**DATA SHOWN:**
★ ★ ★ ★

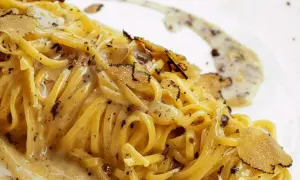 Tagliolini al tartufo, un piatto cremoso e profumato, con scaglie di tartufo nero che ne esaltano il sapore.
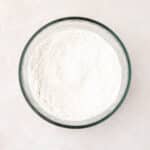 A glass bowl filled with white flour sits on a light-colored surface.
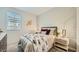 Stylish bedroom with an airplane wall decor, patterned wallpaper and metal-frame bed with luxe bedding at 23081 E Saddle Way, Queen Creek, AZ 85142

★ ★ ★ ★

**REQUIRED ACTION:**
Could you retype every line above exactly as it appears, skipping the pictures?

**WRITTEN RESPONSE:**
 Tagliolini al tartufo, un piatto cremoso e profumato, con scaglie di tartufo nero che ne esaltano il sapore.
 A glass bowl filled with white flour sits on a light-colored surface.
 Stylish bedroom with an airplane wall decor, patterned wallpaper and metal-frame bed with luxe bedding at 23081 E Saddle Way, Queen Creek, AZ 85142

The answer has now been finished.